Again, use these as a way to look at relationships between the response and a specific predictor after accounting for everything else. You can check these plots for bends, changing variance, outliers, and so on. In this example, they all look pretty good, I’d say. We can still see good old point 166 standing out in the \(y\) direction – this person’s red cell count is much higher than expected – but they are not really unusual in terms of any of the predictors. While in practice I would want to find out what the deal is with this person (maybe they were doing some sort of high-altitude training?), I don’t think they’re having too much of an impact on my conclusions.

1.4.3 Multicollinearity

There’s one actual new thing that we have to think about in multiple regression, called multicollinearity. Multicollinearity is a problem that occurs when two or more of the predictors are linearly correlated with each other.

Multicollinearity is a problem because, if two predictors are really strongly correlated, it’s hard to tell which one of them is actually related to the response. For example, consider the reading speed of elementary-school children. There’s a positive relationship between reading speed and height. Because it’s easier to reach the bookshelf? No, because children’s reading speed increases with age. But if you built a model with both predictors, like:

\[\widehat{readspeed} = b_0 + b_1*height + b_2*age\]

you could get into trouble. R doesn’t know that “age” makes more sense as a predictor than “height.” Because the older kids are also, in general, the taller kids, it could be really hard to tell objectively that reading speed is related to age, not height.

In general, multicollinearity has this effect of making it hard to tell which predictors are actually related to the response, and how strongly. Your coefficient estimates tend to become unstable – a slight change in the data can give you really different results.
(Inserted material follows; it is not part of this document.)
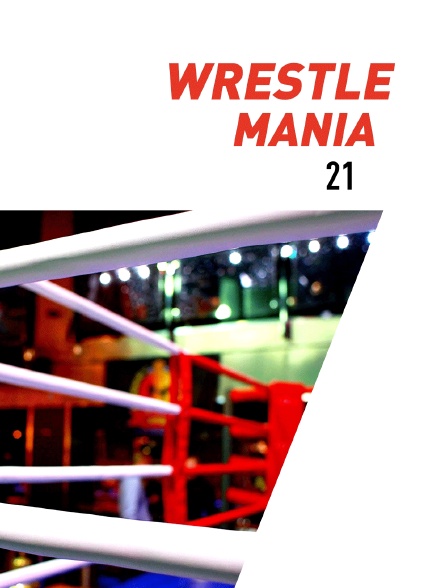 Wrestlemania clearance 21 streaming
This is not a great situation to be in, and so it’s important to try to check whether your predictors are correlated with each other. You can do this by actually calculating the correlation – for example:

cor(athlete_cells_dat$wcc, athlete_cells_dat$ht)
## [1] -0.01849315

…or, better yet, checking a plot:

athlete_cells_dat %>%
  ggplot() +
  geom_point(aes(x = wcc, y = ht))

Looks like these two predictors are not linearly related, or indeed associated in any way. Hooray!

There’s actually a function in the R library GGally (or “gee golly”), called ggpairs, that automatically creates a plot of every variable in your dataset vs. every other variable. It’s super useful!

athlete_cells_dat %>%
  dplyr::select(rcc, wcc, ht, sport) %>%
  ggpairs()

In this grid, the plot in the ht row and the wcc column is the scatterplot of white cell count vs. height. In the wcc row and the ht column, instead of giving us the same thing again, R prints out the value of the correlation between wcc and height. So helpful!

It doesn’t look like any of our predictors are really associated with each other, so that’s nice.

An important point to keep in mind is the difference between multicollinearity and interactions. Two predictors are collinear if their values are correlated – this is just about the values of the predictors for each point. Collinearity is not a good thing. But two predictors have an interaction if their relationships with \(y\) depend on each other. This is neither a good nor a bad thing; you just have to account for it in your model.

Response moment: A little visualization review: In the ggpairs grid, we talked about what’s in the ht row and wcc column, and the wcc row and ht column. Briefly discuss what’s being shown in the other plots in the grid. What kind of plots are they and what variables do they depict?